Juin - 2011 - Abdoulaye Wade tente de faire voter une réforme constitutionnelle bouleversant la règle électorale. Dans sa première version, celle-ci propose alors d’une part, le principe d’un « ticket » présidentiel (président/vice-président) éligible au premier tour avec seulement 25% des suffrages exprimés, et, d’autre part, la succession du président jusqu’au terme de son mandat par le vice-président, en cas de vacance du pouvoir. Sachant que si toutefois le vice-président élu sur le « ticket » présidentiel, frappé de mauvaise fortune, venait à démissionner ou disparaître, alors, le président serait en droit de nommer son remplaçant. Il en résulterait donc pour ce dernier, à l’image de ce que fut l’accession à la présidence américaine de Gerald Ford, après les démissions successives de Spiro Agnew et de Richard Nixon, la possibilité, en cas de démission ou de décès du chef de l’Etat, d’être propulsé à la tête d’un pays sans jamais avoir été élu. L’expression « dévolution monarchique » est alors sur toutes les lèvres dans la rue dakaroise alertée.

23 juin 2011 - Les Sénégalais estimant ce projet insupportable, font le siège de l’Assemblée nationale le jour du vote, et, des scènes de violence éclatent partout au Sénégal. A la suite de débats houleux et sous la pression de la rue, la majorité présidentielle, par la voix de son chef de file Doudou Wade , (18) refuse d’endosser la responsabilité du vote et s’en remet au gouvernement. Le pouvoir effrayé, recule : le projet de loi est retiré.

27 juin 2011 - Une nuit d’émeute éclate alors que certains quartiers populaires sont depuis trop longtemps privés d’électricité. Elle va donner lieu à un échange téléphonique surréaliste, on va le voir plus loin.

3 juillet 2011 - Karim Wade, ministre en charge de l’Energie, publie une lettre ouverte aux Sénégalais . (19) Celle-ci est aussitôt raillée par la rue, l’écrasante majorité de la presse nationale et bien au-delà.
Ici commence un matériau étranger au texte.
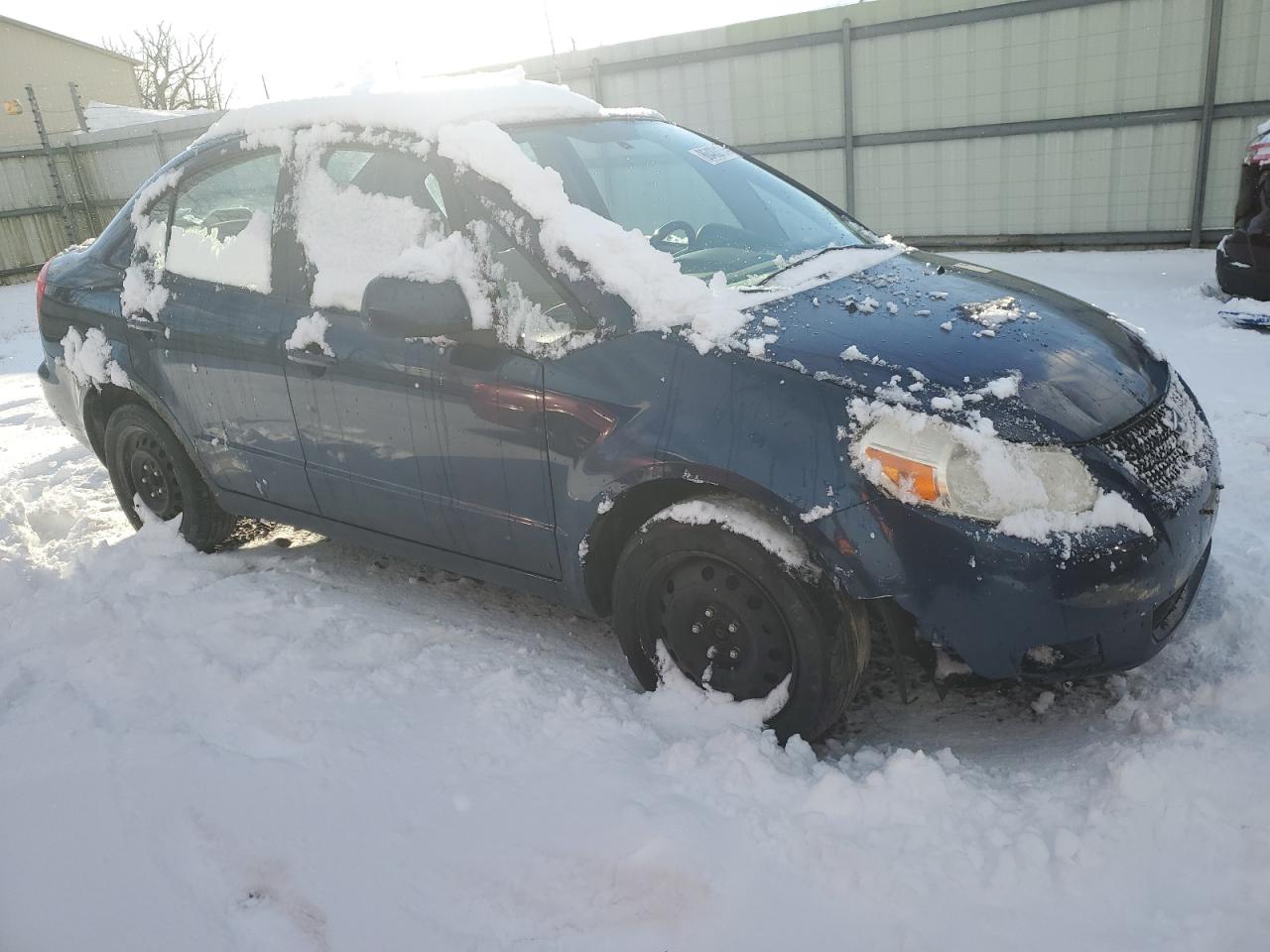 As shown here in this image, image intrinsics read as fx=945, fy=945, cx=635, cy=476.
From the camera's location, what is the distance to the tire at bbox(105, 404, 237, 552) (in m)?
4.05

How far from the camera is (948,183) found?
420 inches

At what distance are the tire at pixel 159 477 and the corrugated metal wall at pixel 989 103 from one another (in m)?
9.01

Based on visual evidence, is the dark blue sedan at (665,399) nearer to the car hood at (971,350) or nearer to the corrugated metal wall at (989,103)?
the car hood at (971,350)

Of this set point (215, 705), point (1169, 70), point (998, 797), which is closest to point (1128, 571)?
point (998, 797)

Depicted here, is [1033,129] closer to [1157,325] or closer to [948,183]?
[948,183]

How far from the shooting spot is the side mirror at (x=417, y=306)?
8.79 ft

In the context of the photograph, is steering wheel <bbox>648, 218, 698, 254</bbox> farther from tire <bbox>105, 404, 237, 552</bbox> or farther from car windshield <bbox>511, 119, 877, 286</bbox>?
tire <bbox>105, 404, 237, 552</bbox>

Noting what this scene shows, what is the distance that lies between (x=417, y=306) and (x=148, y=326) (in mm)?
1744

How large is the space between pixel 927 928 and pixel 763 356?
1355 mm

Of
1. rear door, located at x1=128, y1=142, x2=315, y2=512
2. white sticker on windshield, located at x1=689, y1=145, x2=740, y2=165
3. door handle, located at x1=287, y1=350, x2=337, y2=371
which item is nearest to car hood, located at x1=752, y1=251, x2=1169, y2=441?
white sticker on windshield, located at x1=689, y1=145, x2=740, y2=165

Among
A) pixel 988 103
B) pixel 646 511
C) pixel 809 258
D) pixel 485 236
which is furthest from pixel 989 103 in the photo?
pixel 646 511

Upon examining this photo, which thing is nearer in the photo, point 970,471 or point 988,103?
point 970,471

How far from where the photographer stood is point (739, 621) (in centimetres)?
253

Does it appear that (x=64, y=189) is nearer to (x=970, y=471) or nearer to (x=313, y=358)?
→ (x=313, y=358) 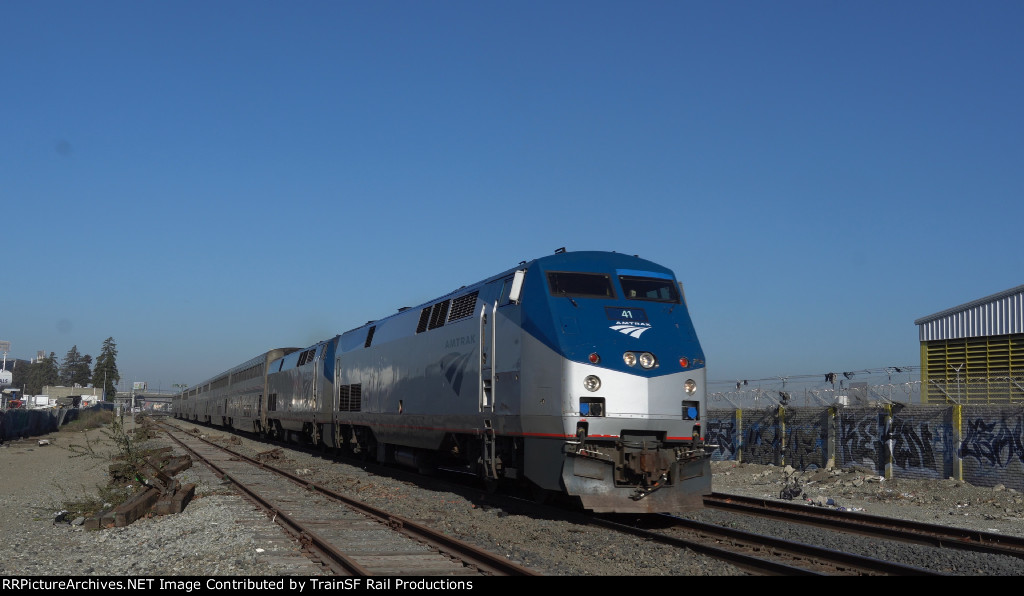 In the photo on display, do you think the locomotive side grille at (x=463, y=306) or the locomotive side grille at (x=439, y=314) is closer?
the locomotive side grille at (x=463, y=306)

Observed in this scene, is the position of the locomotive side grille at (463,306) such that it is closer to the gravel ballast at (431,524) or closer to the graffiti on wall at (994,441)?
the gravel ballast at (431,524)

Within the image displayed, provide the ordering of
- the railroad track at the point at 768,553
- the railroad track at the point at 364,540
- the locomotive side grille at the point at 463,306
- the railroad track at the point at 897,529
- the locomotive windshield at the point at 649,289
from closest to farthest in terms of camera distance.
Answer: the railroad track at the point at 768,553, the railroad track at the point at 364,540, the railroad track at the point at 897,529, the locomotive windshield at the point at 649,289, the locomotive side grille at the point at 463,306

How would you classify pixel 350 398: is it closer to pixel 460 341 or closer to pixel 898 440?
pixel 460 341

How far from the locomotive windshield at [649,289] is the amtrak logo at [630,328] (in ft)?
2.63

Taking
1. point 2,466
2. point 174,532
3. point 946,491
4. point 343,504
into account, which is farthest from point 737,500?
point 2,466

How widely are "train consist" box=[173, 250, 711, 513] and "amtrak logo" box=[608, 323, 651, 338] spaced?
→ 24mm

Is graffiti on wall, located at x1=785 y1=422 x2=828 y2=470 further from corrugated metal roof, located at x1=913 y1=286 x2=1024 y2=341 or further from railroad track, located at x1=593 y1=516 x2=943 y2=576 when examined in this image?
railroad track, located at x1=593 y1=516 x2=943 y2=576

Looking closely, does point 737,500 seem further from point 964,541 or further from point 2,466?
point 2,466

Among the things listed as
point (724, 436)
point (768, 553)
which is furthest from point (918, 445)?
point (768, 553)

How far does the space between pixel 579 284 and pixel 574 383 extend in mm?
1972

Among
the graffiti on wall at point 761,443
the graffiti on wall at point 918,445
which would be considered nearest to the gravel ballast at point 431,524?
the graffiti on wall at point 918,445

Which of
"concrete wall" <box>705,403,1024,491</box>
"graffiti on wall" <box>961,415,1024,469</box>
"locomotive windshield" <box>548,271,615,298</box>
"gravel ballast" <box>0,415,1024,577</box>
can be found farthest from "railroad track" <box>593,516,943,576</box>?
"graffiti on wall" <box>961,415,1024,469</box>

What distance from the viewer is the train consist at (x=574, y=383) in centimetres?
1180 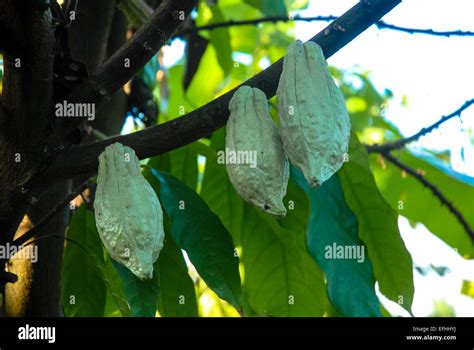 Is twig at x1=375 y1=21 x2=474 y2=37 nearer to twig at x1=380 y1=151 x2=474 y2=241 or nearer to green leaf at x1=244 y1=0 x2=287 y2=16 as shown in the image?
twig at x1=380 y1=151 x2=474 y2=241

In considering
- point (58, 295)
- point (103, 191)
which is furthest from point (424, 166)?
point (103, 191)

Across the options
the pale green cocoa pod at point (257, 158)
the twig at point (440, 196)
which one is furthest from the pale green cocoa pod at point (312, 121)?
the twig at point (440, 196)

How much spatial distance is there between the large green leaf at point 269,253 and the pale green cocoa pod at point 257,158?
497 millimetres

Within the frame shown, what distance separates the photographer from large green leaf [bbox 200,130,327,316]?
1432 mm

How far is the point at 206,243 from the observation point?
123cm

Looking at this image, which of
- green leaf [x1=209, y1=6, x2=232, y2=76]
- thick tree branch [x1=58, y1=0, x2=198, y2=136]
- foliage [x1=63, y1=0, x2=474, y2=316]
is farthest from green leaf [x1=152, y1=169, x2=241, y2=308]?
green leaf [x1=209, y1=6, x2=232, y2=76]

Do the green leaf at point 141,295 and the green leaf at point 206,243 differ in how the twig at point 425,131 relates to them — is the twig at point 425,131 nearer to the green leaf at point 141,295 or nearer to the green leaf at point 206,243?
the green leaf at point 206,243

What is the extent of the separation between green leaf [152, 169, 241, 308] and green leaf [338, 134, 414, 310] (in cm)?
33

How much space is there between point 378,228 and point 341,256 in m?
0.19

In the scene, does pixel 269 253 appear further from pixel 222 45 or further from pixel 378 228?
pixel 222 45

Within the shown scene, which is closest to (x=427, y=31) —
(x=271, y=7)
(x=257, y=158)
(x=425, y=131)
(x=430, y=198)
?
(x=425, y=131)

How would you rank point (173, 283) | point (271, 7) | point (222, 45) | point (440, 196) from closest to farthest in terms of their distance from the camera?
1. point (173, 283)
2. point (440, 196)
3. point (271, 7)
4. point (222, 45)

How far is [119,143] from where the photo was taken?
1.02 meters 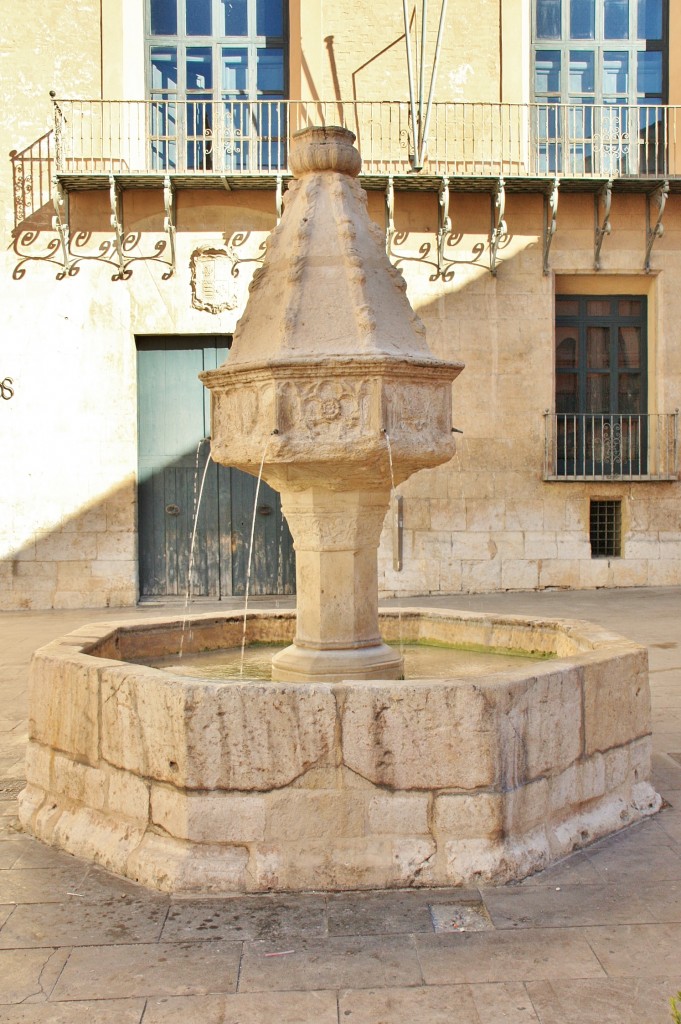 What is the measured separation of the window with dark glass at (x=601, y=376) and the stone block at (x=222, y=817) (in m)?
10.5

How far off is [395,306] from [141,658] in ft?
8.48

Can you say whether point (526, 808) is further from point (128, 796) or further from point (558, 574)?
point (558, 574)

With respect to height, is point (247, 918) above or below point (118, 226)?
below

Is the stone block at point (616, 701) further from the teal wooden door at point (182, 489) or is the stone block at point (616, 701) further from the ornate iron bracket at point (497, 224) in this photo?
the ornate iron bracket at point (497, 224)

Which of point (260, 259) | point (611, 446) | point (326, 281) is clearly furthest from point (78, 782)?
point (611, 446)

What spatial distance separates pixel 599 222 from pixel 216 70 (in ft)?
16.9

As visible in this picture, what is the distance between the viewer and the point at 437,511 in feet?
44.7

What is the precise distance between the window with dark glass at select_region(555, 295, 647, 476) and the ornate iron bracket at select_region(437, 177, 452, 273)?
168 cm

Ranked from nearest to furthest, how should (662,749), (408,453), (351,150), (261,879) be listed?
(261,879)
(408,453)
(351,150)
(662,749)

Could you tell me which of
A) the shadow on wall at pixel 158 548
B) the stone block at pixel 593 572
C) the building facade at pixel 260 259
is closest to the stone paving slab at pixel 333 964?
the building facade at pixel 260 259

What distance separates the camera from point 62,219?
13.3 m

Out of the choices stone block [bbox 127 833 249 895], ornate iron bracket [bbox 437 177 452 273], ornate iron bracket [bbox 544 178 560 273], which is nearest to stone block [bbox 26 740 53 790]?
stone block [bbox 127 833 249 895]

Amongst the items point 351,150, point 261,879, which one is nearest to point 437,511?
point 351,150

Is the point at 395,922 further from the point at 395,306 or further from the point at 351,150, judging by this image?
the point at 351,150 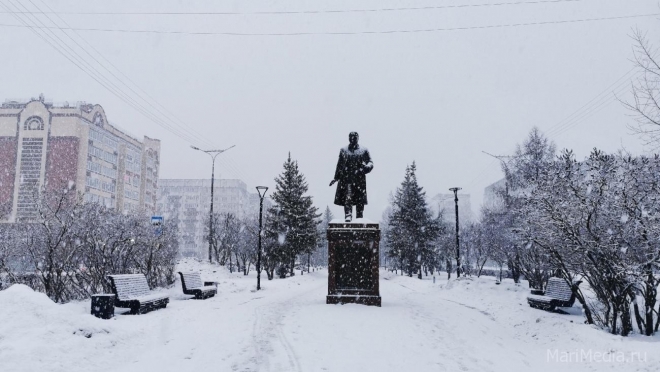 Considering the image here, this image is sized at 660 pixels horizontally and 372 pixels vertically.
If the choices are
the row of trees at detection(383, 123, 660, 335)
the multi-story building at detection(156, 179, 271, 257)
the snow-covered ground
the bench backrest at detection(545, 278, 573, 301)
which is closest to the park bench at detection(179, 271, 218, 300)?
the snow-covered ground

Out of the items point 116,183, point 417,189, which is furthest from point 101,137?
point 417,189

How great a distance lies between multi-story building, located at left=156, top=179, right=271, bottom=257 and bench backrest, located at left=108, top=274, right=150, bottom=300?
10895 cm

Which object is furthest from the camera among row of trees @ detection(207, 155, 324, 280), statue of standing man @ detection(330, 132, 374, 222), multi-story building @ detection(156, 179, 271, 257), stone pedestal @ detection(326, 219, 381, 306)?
multi-story building @ detection(156, 179, 271, 257)

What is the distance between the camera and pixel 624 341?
670 centimetres

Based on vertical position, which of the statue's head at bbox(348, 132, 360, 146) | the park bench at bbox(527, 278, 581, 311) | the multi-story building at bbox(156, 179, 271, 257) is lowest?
the park bench at bbox(527, 278, 581, 311)

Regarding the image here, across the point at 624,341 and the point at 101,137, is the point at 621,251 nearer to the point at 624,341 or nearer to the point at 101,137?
the point at 624,341

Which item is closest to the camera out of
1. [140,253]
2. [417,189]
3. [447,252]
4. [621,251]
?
[621,251]

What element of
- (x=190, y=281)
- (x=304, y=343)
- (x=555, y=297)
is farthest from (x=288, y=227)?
(x=304, y=343)

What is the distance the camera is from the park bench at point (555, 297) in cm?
1078

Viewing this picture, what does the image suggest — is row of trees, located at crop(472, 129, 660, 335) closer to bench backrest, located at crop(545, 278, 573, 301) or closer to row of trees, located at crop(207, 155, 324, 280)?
bench backrest, located at crop(545, 278, 573, 301)

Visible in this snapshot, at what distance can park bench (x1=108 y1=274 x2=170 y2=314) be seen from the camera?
10156 millimetres

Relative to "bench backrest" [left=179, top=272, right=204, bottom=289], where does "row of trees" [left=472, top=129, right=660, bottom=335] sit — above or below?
above

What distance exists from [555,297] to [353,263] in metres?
5.26

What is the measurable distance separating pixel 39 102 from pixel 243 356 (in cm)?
7333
M. Wade après avoir d’emblée précisé que « pourtant rien ne m’a été donné » s’y présente comme une victime : « Jamais dans l'histoire du Sénégal, un homme public n’a reçu, autant de coups, de propos diffamatoires et outrageants ». N’ayant jamais goûté de sa vie à la matraque des GMI , (20) ni connu l’emprisonnement que nombre des partisans de son père expérimentèrent et sans dire les autres tourments qu’ils eurent à endurer alors qu’ils étaient dans l’opposition, chacun jugera l’ego de l’héritier, historique lui aussi . (21)

Par ailleurs, bon prince pour ses détracteurs, « conformément à nos valeurs sénégalaises, je leur accorde mon pardon », Karim Wade repousse dans sa lettre ouverte, toute idée de « dévolution monarchique » dans son esprit et celui de son père. Ce qu’évidemment n’ont pas pu comprendre de méchants contempteurs, qui vont des « magiciens de la désinformation, aux adeptes de la propagande politique, aux manipulateurs de l’opinion publique nationale et internationale ». Car, précise le martyr, « le pouvoir ne s’hérite pas, il se conquiert par la voix des urnes. ». Tout dépend de la manière.

Vouloir être élu président au premier tour avec les voix d’un Sénégalais sur quatre tout en introduisant un bien étrange poste de vice-président, comme l’a essayé Abdoulaye Wade, à la stupéfaction d’un grand nombre de ses propres partisans, relève, sans préjuger de l’inconstitutionnalité de sa candidature , (22) d’une injure grossière faite à la démocratie.

6 juillet 2011 - Au cours d’une interview, Robert Bourgi, figure emblématique et assumée de la Françafrique boutiquière, affirme avoir reçu de Karim Wade, dans la nuit du 27 au 28 juin, alors que des émeutes font rage à Dakar, un appel téléphonique affolé, lui demandant d’intercéder auprès des autorités hexagonales afin d’obtenir une intervention de l’armée française . (23) Une prérogative présidentielle (24) touchant à la souveraineté de l’Etat. Une situation plus qu’embarrassante et qui pose bien des questions sur la stabilité psychologique du ministre, son rôle dans l’appareil d’Etat et la signification de ce lâchage en règle de son « neveu » (25) par le missi dominici des masques africains mal acquis.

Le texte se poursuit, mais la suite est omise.